If a large enough member of the community has a sufficient influence on the platform, it may decide to fork it under a ‘fauxpen’ proprietary licence that significantly constrains its use, at the same redirecting most of the current users to the fork and taking full control over the new developments in it. The inadequacy of the original business model or the appearance of competing offerors is the reason for some makers of open source products, which have been seen as its custodians by the communities, to make this move. Of course, this is possible only with permissive licences that typically allow appropriation through relicensing. The appropriator does not even have to be the primary contributor to software, but the one most users refer to, for example by providing support or popular commercial add-ons. A similar outcome may be caused by the extensive use of software as a part of a cloud offering, where the cloud provider effectively distributes and monetises open-source software without meaningfully contributing back to it or by providing proprietary add-ons, which are typically limited to facilitating access to the platform within its cloud offering. The original ‘open core business model’ provider may then move to a network protective or ‘fauxpen’ licence.
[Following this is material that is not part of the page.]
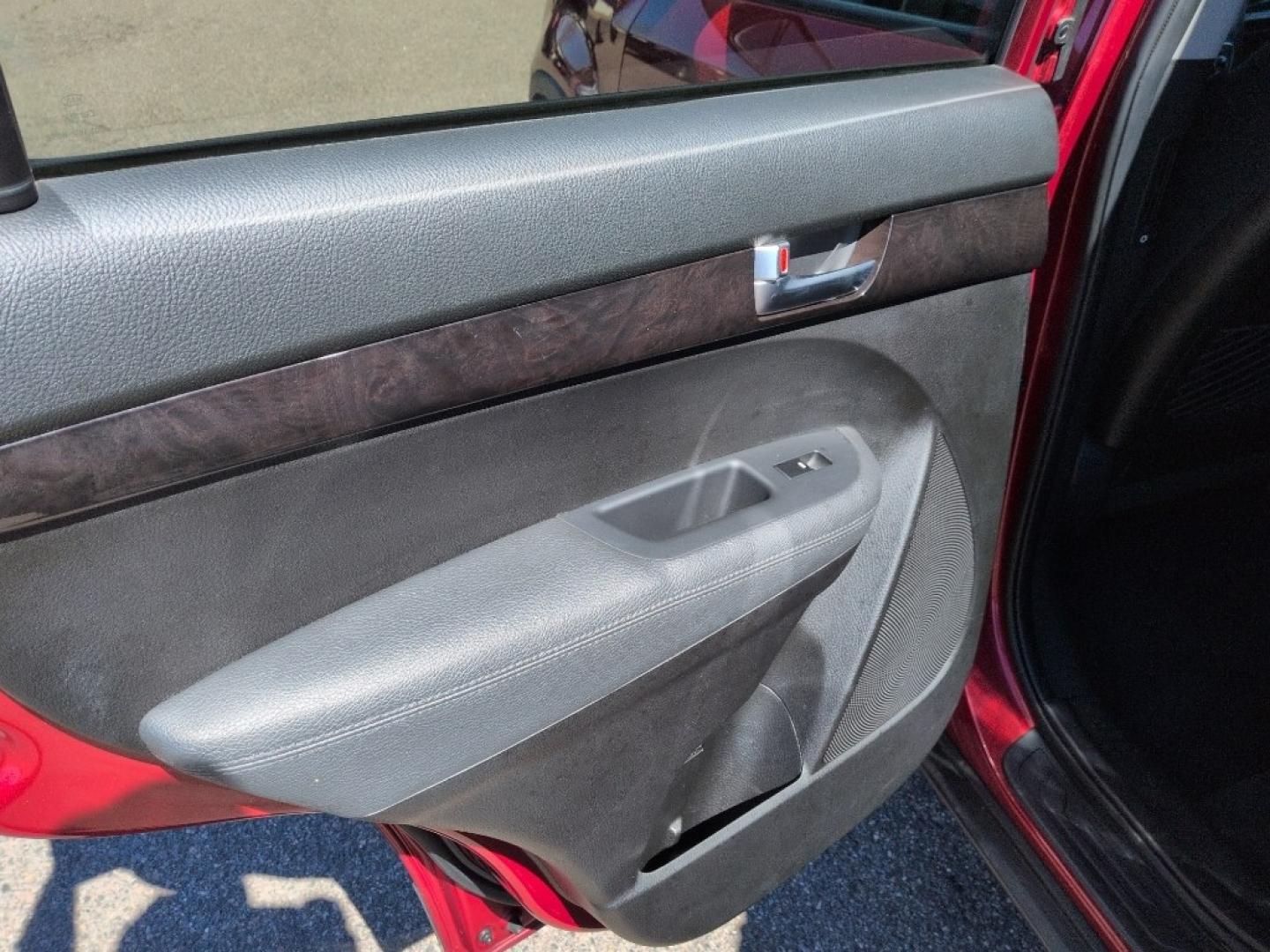 2014 RED Kia Sorento LX V6 AWD (5XYKTDA7XEG) with an V6, 3.3L engine, Automatic transmission, located at 10890 W. Colfax Ave., Lakewood, CO, 80215, (303) 274-7692, 39.739914, -105.120132 - Photo#15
However, some projects with permissive licences, such as the Apache web server, have an extremely long lifespan and a huge community.
It is not possible to empirically determine whether software longevity benefits more from copyleft or permissive licences, as this more depends on other circumstances. The choice of a licence supporting sustainability and longevity of software primarily depends on the attitude of the developers and community, as well as the primary usage scenarios. Of course, such a choice may not be available at all due to the requirements imposed by the organisation, funder or dependencies. Interestingly, when this choice is available, it may be more dependent on intrinsic motivations and view about fairness than extrinsic motivations such as the expectation of reputation or economic gain [https://opensource.com/law/13/8/motivation-free-software-licensing]. On the other hand, if the developers invest in interoperability and open standards, this may greatly help project adoption regardless of the licence.
Multi-licensing under permissive and copyleft or copyleft and proprietary terms is also a viable solution, as it increases licensing compatibility when the software when is to be combined with other components into new products. At the same time, it allows for a larger user base and, at least to some extent, stimulates future contributions.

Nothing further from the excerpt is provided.